Sodium—normal blood level is 136-145mEq/L of blood
* Hypernatremia
* Hyponatremia

Potassium—normal blood level is 3.8-5.1 mEq/L of blood
* Hyperkalemia
* Hypokalemia

Calcium—normal blood level is 8.4-10.5 mg/100ml blood
* Hypercalcemia
* Hypocalcemia
Hypernatremia
* excessive amounts of sodium in the body, more than 145 mEq/L
* affects CNS functioning and is characterized by headache, confusion, seizures and in severe cases coma and death
* It is commonly caused by an overuse of salt tablets, dehydration, or prolonged diarrhea
* an electrolyte imbalance
Hyponatremia
* inadequate amounts of sodium in the body, less than 136 mEq/L
* affects CNS functioning and is characterized by headache, confusion, seizures and in severe cases coma and death
* It is the result of an excessive production of antidiuretic hormone, a massive infusion of IV fluids not containing sodium, or an excessive salt loss such as with certain diuretics, there is too much water in the extracellular fluid compartment for the amount of sodium present
* an electrolyte imbalance
Hyperkalemia
* excessive amounts of potassium in the body, more than 5.1 mEq/L
* normal potassium range in the blood is 3.8 to 5.1 mEq/L
* affects muscle function and results in muscle weakness and paralysis
* It is caused by an increased intake of potassium, the inability to excrete potassium or a shift from the intracellular fluid into the blood that occurs as a result of tissue trauma, burns or kidney failure.
* an electrolyte imbalance
Hypokalemia
* inadequate amounts of Potassium in the body, less than 3.8 mEq/L
* affects muscle functioning and results in muscle weakness and cardiac problems
* It also may cause abdominal distention and a diminished rate of passage of intestinal contents
* It is caused by fasting, diets low in potassium, abuse of laxatives and certain diuretics in extreme weight loss programs or by a loss of potassium due to diarrhea, vomiting or gastric suction
* an electrolyte imbalance
Hypercalcemia
* excessive amounts of calcium in the body
* normal range of serum calcium is 8.4 to 10.5 mg/dl
* decreases neuromuscular irritability resulting in fatigue, muscle weakness, diminished reflexes and delayed atrioventricular conduction in the heart
* It may be caused by an excessive input or by increased absorption that may occur following an overdose of vitamin D
* It can also result from shifts of calcium from the bone into the extracellular fluid caused by many various pathologies.
* an electrolyte imbalance
Hypocalcemia
* inadequate amounts of calcium in the body
* increases neuromuscular irritability, cramping, twitching of muscles, hyperactive reflexes and abnormal cardiac rhythms
* It may be caused from dietary calcium deficiency, decreased absorption or increased calcium excretion.
* an electrolyte imbalance
hypervolemia
* excess blood volume
ions
* dissociated (broken up) particles of an electrolyte
* the most abundant ions are sodium (positive) and chloride (negative)
* many ions are important "trace" elements in the body ie. iron, for hemoglobin production and iodine for synthesis of thyroid hormones.

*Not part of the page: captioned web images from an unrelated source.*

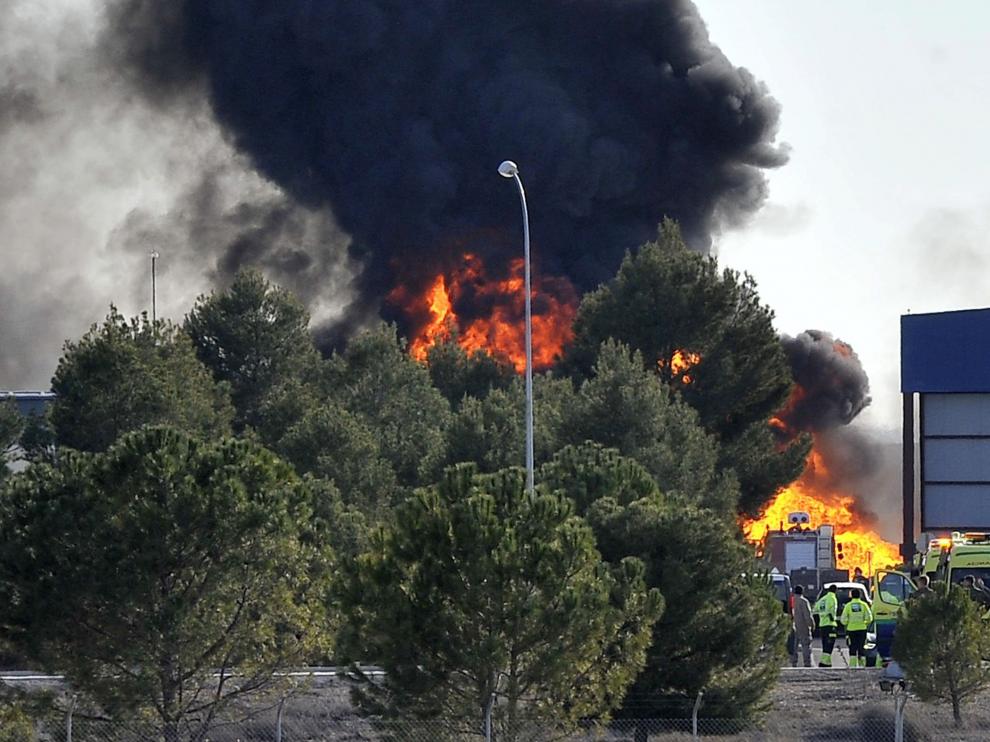 Imagen del accidente en la base de Los Llanos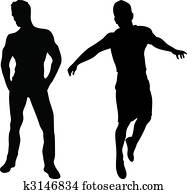 2 sexy men silhouettes on white background 2 sexy men silhouettes on white background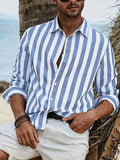 Chemise rayee homme decontractee - Legere et polyvalente - Bleu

ie. positively charged ions: sodium (Na+), calcium (Ca++), potassium (K+) and magnesium (Mg++)
* negative charged ions: chloride (Cl-), bicarbonate (HCO3-), phosphate (HPO4-) and many proteins.
electrolyte balance
* refers to homeostasis or relative constancy of normal electrolyte levels in the body fluids.
pitting edema
* describes depressions in swollen subcutaneous tissue that do not rapidly refill after an examiner has exerted finger pressure
* often a symptom with congestive heart failure
milliequivalent (mEq)
* a unit of measurement related to ion reactivity

ie. the average daily diet contains about 100 milliequivalents of sodium
water intoxication
* results from rapidly drinking large volumes of water or giving hypotonic solutions to persons unable to dilute and excrete urine normally.
* can occur with patients with kidney insufficiency or abnormal thirst mechanisms
* causes confusion and lethargy from elevated water content levels, and diluted plasma sodium levels.